By Bob Vazquez, Assistant Athletic Director, Strategic Communications
Northridge, Calif. – At the recent College Tipoff Basketball Luncheon at the famed Los Angeles Athletic Club, CSUN head basketball coach Reggie Theus emerged from the elevator en route to the banquet room for one of the biggest pre-season events in the area.

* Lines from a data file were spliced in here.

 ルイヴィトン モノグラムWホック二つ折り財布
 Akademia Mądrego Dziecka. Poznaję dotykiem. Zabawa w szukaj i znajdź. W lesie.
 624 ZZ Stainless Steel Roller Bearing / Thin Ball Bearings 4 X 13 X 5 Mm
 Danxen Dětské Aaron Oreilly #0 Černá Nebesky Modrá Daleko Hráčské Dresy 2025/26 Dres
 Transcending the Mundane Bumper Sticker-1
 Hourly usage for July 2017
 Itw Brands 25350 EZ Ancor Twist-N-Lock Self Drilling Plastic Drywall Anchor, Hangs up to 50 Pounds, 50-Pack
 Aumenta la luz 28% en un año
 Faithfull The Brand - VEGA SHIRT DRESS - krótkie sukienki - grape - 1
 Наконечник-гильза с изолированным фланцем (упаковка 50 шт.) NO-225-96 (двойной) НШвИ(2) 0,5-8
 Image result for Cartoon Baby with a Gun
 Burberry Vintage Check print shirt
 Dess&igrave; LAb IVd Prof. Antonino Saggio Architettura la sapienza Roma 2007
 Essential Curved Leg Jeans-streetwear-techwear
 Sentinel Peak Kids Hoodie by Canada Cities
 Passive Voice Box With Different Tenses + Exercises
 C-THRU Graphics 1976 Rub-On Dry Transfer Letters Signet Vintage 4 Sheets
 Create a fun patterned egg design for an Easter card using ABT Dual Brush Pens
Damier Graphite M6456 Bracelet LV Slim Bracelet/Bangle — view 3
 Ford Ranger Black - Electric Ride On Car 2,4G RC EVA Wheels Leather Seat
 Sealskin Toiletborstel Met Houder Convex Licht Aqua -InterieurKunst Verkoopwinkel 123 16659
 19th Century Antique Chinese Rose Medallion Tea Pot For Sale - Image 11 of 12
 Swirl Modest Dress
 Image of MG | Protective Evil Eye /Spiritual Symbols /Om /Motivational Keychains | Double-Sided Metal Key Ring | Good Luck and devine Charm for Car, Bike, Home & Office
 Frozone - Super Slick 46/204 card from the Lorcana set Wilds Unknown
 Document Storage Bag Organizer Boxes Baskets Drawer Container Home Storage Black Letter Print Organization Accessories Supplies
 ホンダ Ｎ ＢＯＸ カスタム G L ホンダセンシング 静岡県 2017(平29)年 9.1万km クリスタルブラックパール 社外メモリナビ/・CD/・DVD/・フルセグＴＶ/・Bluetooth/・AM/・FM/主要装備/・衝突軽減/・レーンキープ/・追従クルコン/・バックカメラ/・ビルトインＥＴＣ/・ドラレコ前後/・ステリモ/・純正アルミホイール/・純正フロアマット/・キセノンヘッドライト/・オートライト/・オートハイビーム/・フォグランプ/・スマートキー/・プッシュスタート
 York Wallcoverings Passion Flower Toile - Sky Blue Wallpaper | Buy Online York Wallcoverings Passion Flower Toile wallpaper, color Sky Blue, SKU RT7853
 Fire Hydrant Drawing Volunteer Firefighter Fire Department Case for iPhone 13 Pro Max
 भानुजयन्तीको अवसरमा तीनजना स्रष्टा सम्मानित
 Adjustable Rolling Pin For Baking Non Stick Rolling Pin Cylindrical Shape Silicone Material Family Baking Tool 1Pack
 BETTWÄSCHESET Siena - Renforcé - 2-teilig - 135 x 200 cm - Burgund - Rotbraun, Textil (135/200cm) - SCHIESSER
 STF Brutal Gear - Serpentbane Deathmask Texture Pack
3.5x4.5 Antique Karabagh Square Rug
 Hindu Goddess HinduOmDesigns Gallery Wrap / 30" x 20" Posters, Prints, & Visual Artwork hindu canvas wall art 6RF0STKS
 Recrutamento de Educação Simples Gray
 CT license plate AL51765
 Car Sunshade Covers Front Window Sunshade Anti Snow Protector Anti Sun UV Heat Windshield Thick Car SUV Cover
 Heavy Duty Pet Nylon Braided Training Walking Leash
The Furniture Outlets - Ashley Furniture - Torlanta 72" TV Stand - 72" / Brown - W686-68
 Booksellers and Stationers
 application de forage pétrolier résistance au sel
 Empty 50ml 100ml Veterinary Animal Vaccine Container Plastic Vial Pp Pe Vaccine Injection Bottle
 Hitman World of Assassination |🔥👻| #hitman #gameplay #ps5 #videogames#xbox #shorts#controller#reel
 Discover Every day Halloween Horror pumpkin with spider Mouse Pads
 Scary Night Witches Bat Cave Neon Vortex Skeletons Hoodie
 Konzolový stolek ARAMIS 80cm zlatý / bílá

No sooner did he walk out of the elevator, Theus spotted a dear friend that helped the CSUN head coach launch his coaching career following a highly successful 13-year NBA career and more than eight years in the broadcasting booth as a basketball studio analyst.
Theus and Dave Yanai embraced each other like long, lost brothers. Priceless.
Dave Yanai might be a name you might not have heard before.
But for Reggie Theus and almost every collegiate and high school coach in the Los Angeles area and nationally as well, Yanai is a "living legend."
Yanai gave Theus his first coaching job as a volunteer assistant at Cal State Los Angeles in 2002-03. Yanai was a highly respected head coach who carved out a distinguished 28-year career at Cal State Dominguez Hills (1977-78 through 1995-96) and another nine years at Cal State Los Angeles.
Theus had an itch to get into coaching despite his hectic television schedule that included commentary on Fox Sports, Prime Ticket and TNT.
Theus called Yanai at CSLA. They talked and Yanai offered Theus a job as an assistant volunteer coach.
"He was still working full time in broadcasting so I only expected him to be at practice only once or two times a week," remembers Yanai. "But he started coming to practice every day. Reggie discovered he loved coaching so much. He had a love for teaching, interacting and communicating with the players. He showed his competitive side as a teacher. Reggie embraced his coaching role on the team. We had a wonderful year together during the 2002-03 season."
Shortly after the 2002-03 season, Yanai was conducting a coaching clinic in Japan when he received a phone call from the mainland from Theus. An assistant coaching job had opened at the University of Louisville under head coach Rick Pitino. Theus wanted the Louisville job.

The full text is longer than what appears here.